# Basic maths-calculus-Q17

+1 vote

If $x^{2} - 5x + 4 <= 0$ and $y^{2} -6y+5 <= 0$ what are the maximum and minimum values of $\frac{y+7x}{y+4x}$

A) 29/17 , 12/9

B) 23/13, 11/8

C) 25/11, 14/11

D) None of these

reshown May 24

$x^{2} - 5x + 4 <= 0$

So, $(x-1)(x-4) \leq 0$

So, $1 \leq x \leq 4$

and $y^{2} -6y+5 <= 0$

So, $(y-1)(y-5) \leq 0$

So, $1 \leq y \leq 5$

Given function :

$Z = \frac{y+7x}{y+4x}$

Now, we can check value of the function Z at (1,1), (1,5) , (4,1), (4,5)

$Z(1,1) = 1.6; \\ Z(1,5) = 12/9 = 1.33 ; \\ Z(4,1) = 29/17 = 1.7058; \\ Z(4,5) = 1.5714$

So, Z is maximum at (4,1) and maximum value is 29/17. Similarly, Z is minimum at (1,5) and minimum value is 12/9.

The function Z has No local maxima or local minima in the interval $1 \leq x \leq 4$ ; $1 \leq y \leq 5$  except at the corner points of the interval.
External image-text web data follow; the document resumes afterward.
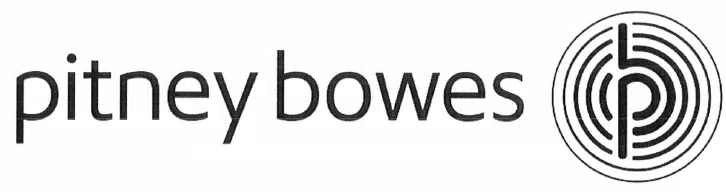 pitney bowes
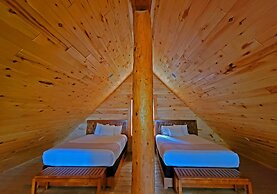 Mount Princeton Hot Springs Resort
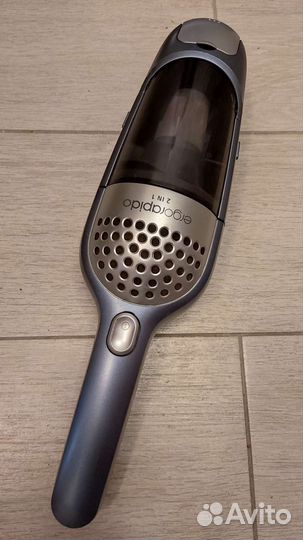 Пылесос Electrolux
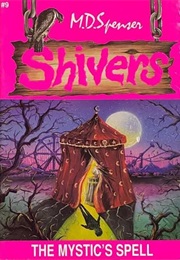 Mystics Spell (Md Spencer)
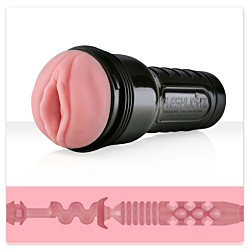 Мастурбатор вагина Fleshlight Pink Lady Heavenly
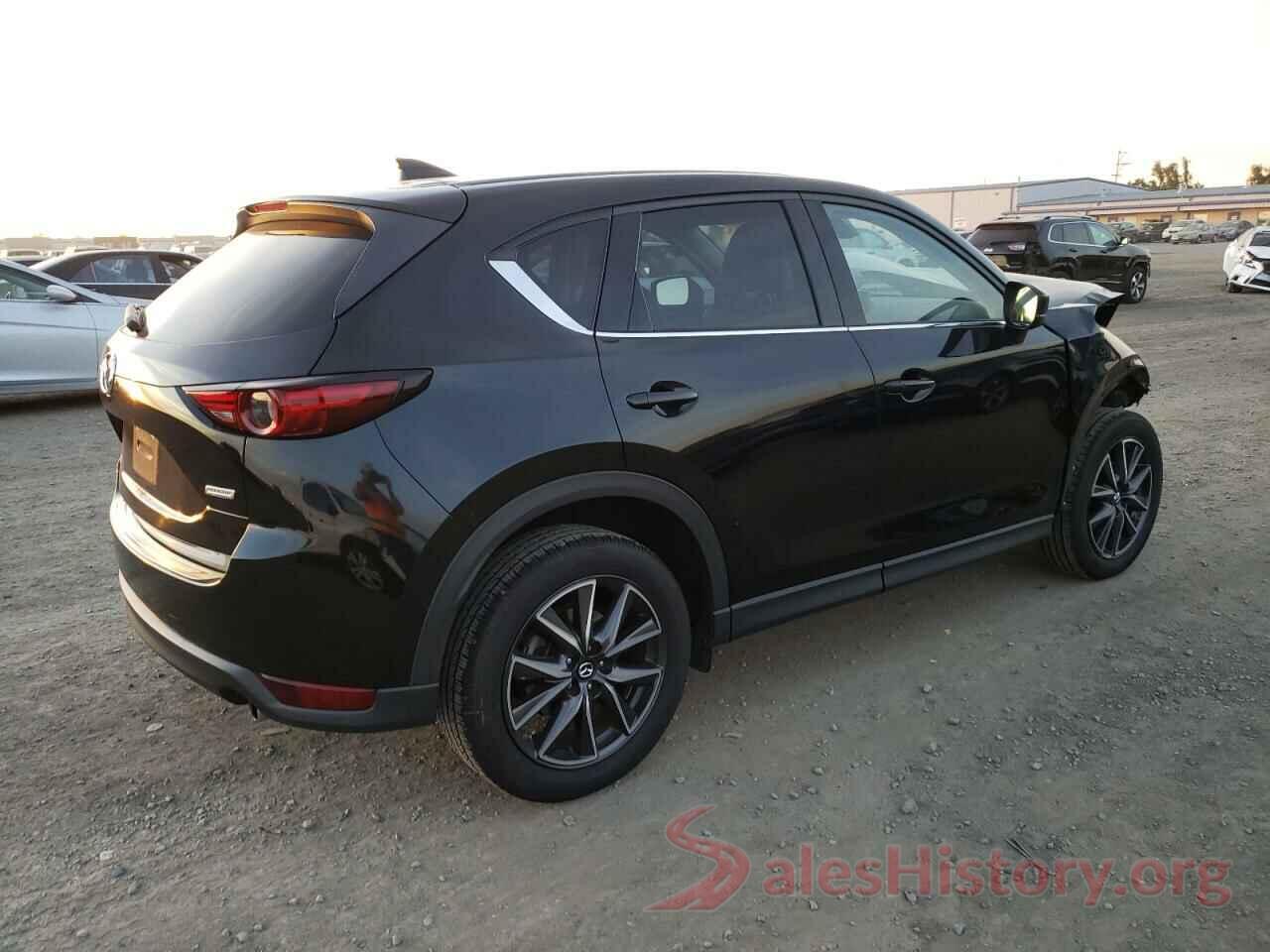 JM3KFADL4H0105578 2017 MAZDA CX-5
To see this we can apply the method "Max/min for functions of two variables" which is a tedius task.

First we find partial derivatives w.r.t  x and y.

∂f /∂x = $f_x$

$f_x = \frac{3y}{(y+4x)^2}$

∂f /∂y =    $f_y$

$f_y = \frac{-3x}{(y+4x)^2}$

A point (a, b) which is a maximum, minimum or saddle point is called a stationary point.

To find the stationary points of Z = f(x, y), work out  ∂f /∂x and ∂f /∂y and set both to zero. This gives you two equations for two unknowns x and y. Solve these equations for x and y

So, to find stationary points, we put $f_y , f_x$  both equal to zero and find stationary points.

$f_y =0$  means x = 0 ; $f_x =0$ means y = 0

So, only stationary point possible is  $(0,0)$  But at $(0,0)$ the function Z is Not defined, so, we can say that there is No stationary point for this function.

http://personal.ee.surrey.ac.uk/Personal/S.Zelik/teach/calculus/max_min_2var.pdf

answered Jun 3 by (112,760 points)
I got that x lies in [1,4] and y lies in [1,5], now in the first method how come you have checked on only those 4 points. There are infinite points in that range...
There is No stationary points for this function which means that this function will have maximum and minimum values at the corners of any interval because assume that there is a maximum value in the interval somewhere which is more than the values at corner points then there will be some stationary point(local maxima or minima or inflection point) which we have shown doesn't exist.